Associated Press, carried in Belleville News-Democrat [Joliet IL]
December 22, 2006

http://www.belleville.com/mld/belleville/news/state/16297244.htm

Chicago - A Catholic priest previously convicted of child molestation was charged Thursday with sexual abuse after allegations that he fondled two teenage brothers in the 1990s.

Louis Rogge, 76, of Joliet was indicted on four counts of aggravated criminal sexual abuse following an investigation by the Will County state's attorney's office.

The first boy allegedly was abused in 1996, when he was 15, and the second in 1999, when he also was 15, said Charles Pelkie, spokesman for State's Attorney James Glasgow.

In 1974, Rogge pleaded guilty to charges of child molestation in Athens, Ga., and was sentenced to six years probation, according to Glasgow's office.

Pelkie said Rogge was a longtime family friend and spiritual adviser for the boys involved in the new allegations.

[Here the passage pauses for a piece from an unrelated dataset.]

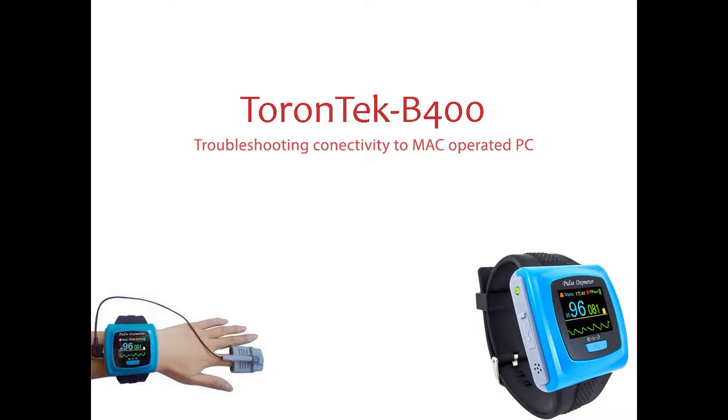If your ToronTek B400 is not recognized by the installed SPO2 software on your Mac PC, you will need to download a USB bridge driver from Silicon Labs technology website.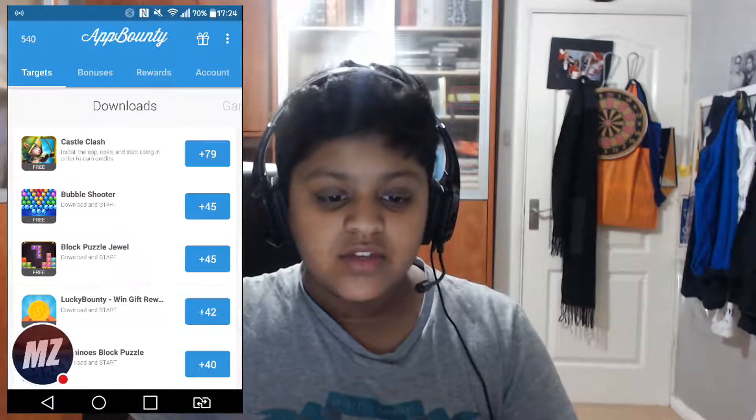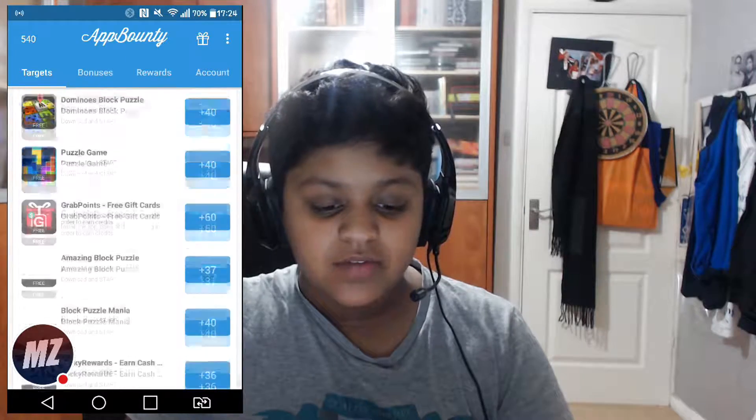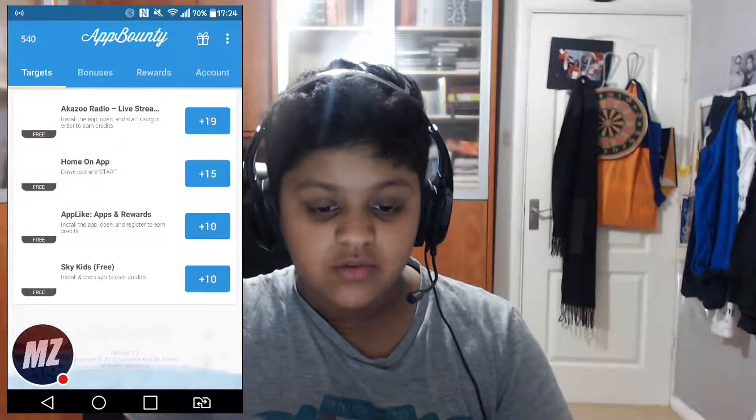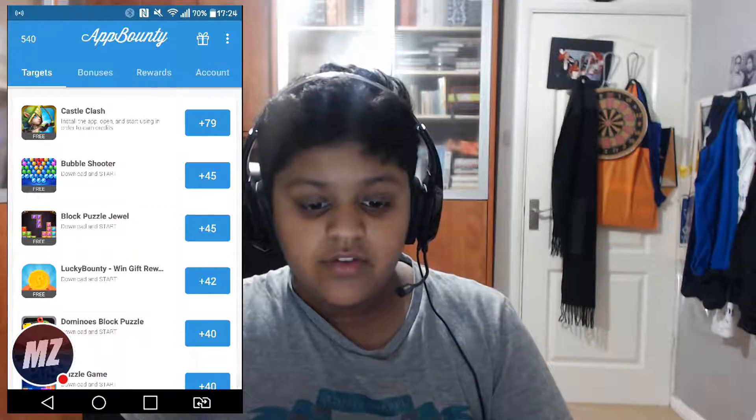The link will be in the description so you guys can check it out. Once you download it — you don't need an email account or anything like that — this is what you'll see when you're in it. Because I've already downloaded some apps, it will obviously look different for you guys.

"The case was reported to us within the last year, but there was a lot of review -- a fairly exhaustive investigation and determination about whether we could move forward with the charges," Pelkie said.

Rogge, a priest with the Carmelite Order, was removed from public ministry in 2002 when the church learned about his decades-old sexual molestation conviction, said John Welch, the provincial of the order's Chicago-area headquarters in Darien, Ill., and Rogge's superior.

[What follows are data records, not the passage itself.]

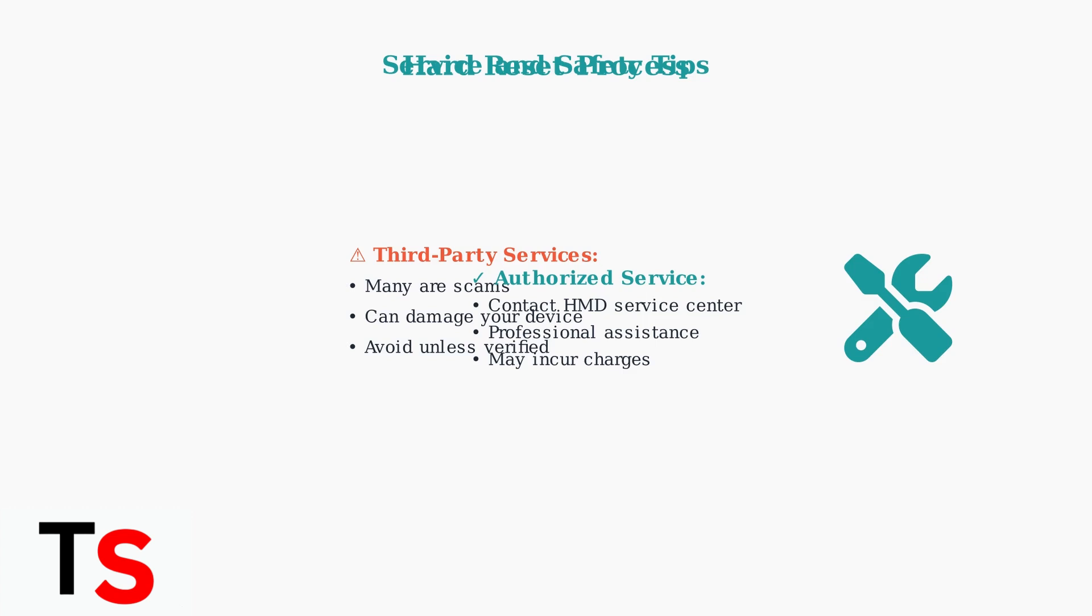Be extremely cautious with third-party unlocking services, as many are scams that can damage your device. If you cannot complete the reset yourself, contact an authorized HMD service center for professional assistance.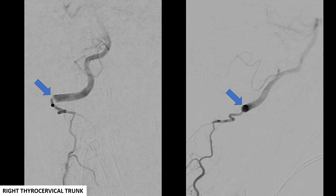Injection of the right thyrocervical trunk demonstrated significant collateral filling of the intracranial right vertebral artery.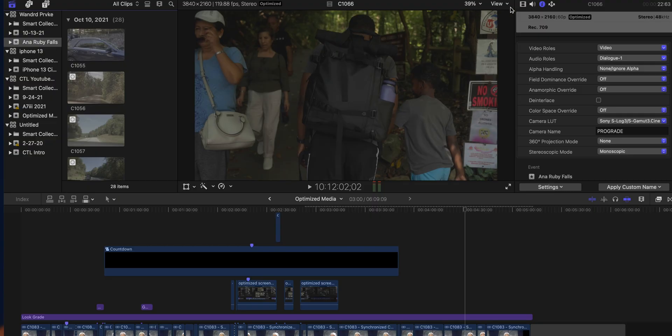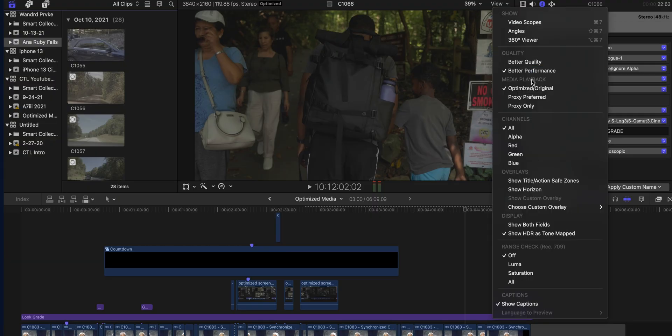Or maybe you don't even have to choose — you could use both in different situations. If your computer is still bogging down with optimized media, you can create both optimized and proxy media, then in Final Cut Pro under your View window, go to Media Playback and switch between 'optimized or original,' 'proxy preferred,' or 'proxy only.' In this scenario, I would use proxies to make my rough edit, then switch back over to optimized for color grading so I can see the full resolution. Hopefully now you have a better understanding of what optimized and proxy media is — definitely use one of these if your computer is struggling to edit larger 4K files.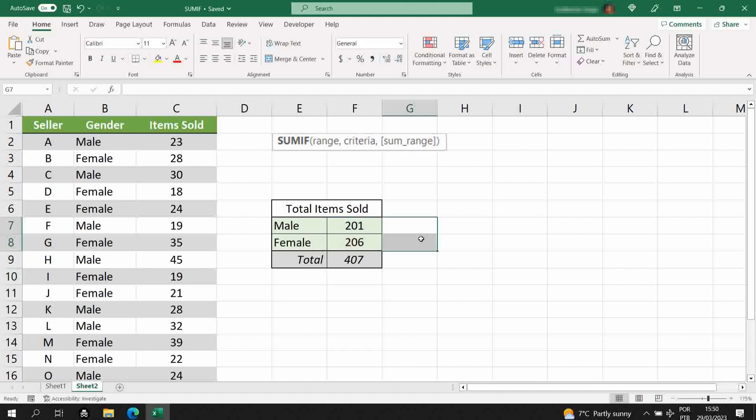And that's how you use the SUMIF function. If this video was helpful for you, if you liked it, please give me your thumbs up, this really helps the channel. Send this video to your friends, and I will see you in the next video.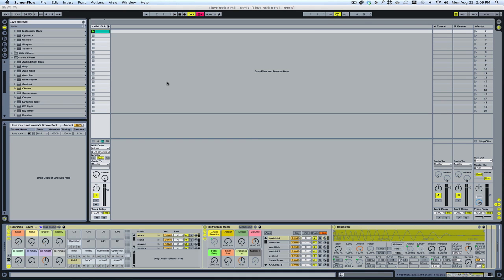I want to show you a little trick for drum programming when you're making MIDI loops. There's a feature in Ableton's Drum Racks called Extract Chain, and it's a pretty powerful way to give you a lot more options when it comes to programming drums. It makes things much more quick, and you can get much more creative and much more detailed.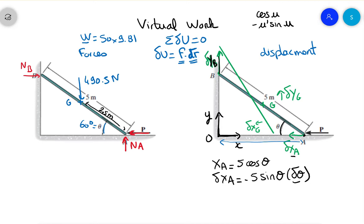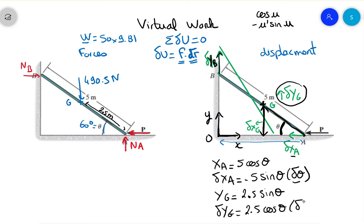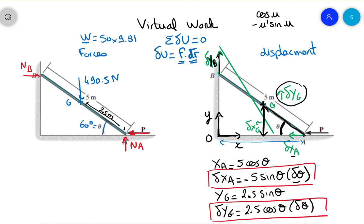We don't need delta yB because the normal force NB is perpendicular to that displacement, so NB does no work. At point G, the weight acts downward, so the only displacement that matters in the virtual work is delta yG. Now yG equals 2.5 sine theta, so delta yG equals 2.5 cosine theta times delta theta.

Welch said the order notified the Joliet Diocese and the state's attorney's office when the family came forward with the new allegations.

"We're obviously very saddened by the charges brought forward today against Father Louis Rogge," Welch said Thursday. "We take all of these allegations very seriously, and we've been cooperating with the civil authorities fully in all of these matters. We are following the policies we have in place to ensure the safety of the young people we serve through our ministries."

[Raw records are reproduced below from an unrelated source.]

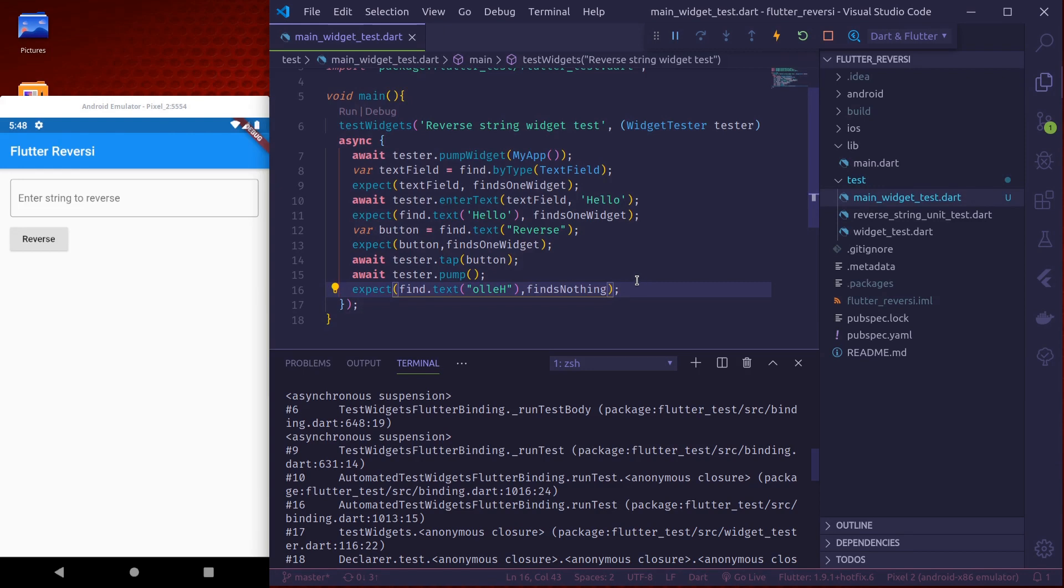And when there are widgets that have external dependencies we can mock those dependencies by using Mockito. We will learn that in further advanced tutorial. So thank you everyone.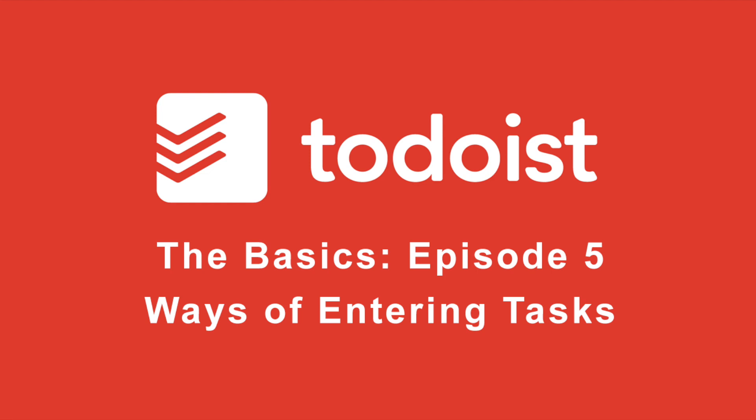Welcome to my Todoist tutorial on the basics. In this week's episode, we're going to be discussing tasks and how you can add those to Todoist.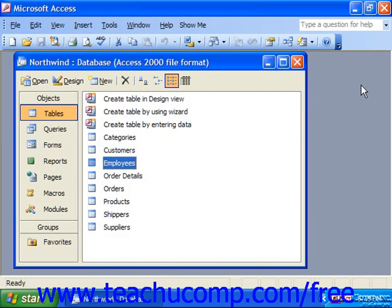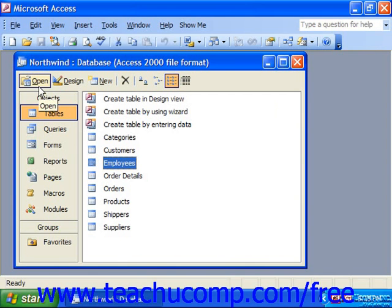To open a table that you have created in design view in the datasheet view, select the name of the table to open from the table list in the database container. Then click the open button in the database container.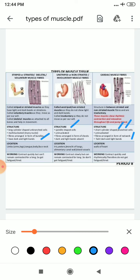Where are these muscles located? Skeletal muscles are present in your limbs, tongue, bone, face, and neck. Smooth muscles are present in your iris, uterus, bronchi of lungs, alimentary canal, and blood vessels. Cardiac muscles are present in the walls of your heart.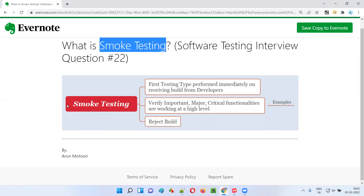So as part of smoke testing, what do we test? We will verify the important, major and critical functionalities of the application are working or not at a high level — not in depth.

Rogge has been doing internal work for the order since he was pulled from public ministry in 2002, Welch said. He has not been allowed to work with minors or appear in public in clerical dress, Welch said.

"Because of that prior conviction, he can't return to public ministry no matter what the outcome of this (investigation) is," Welch said.

Aggravated criminal sexual abuse is a Class 2 felony with a possible prison sentence of three to seven years.

Rogge posted a $4,000 bond at the Will County Courthouse Thursday morning. A pretrial hearing is set for Jan. 19.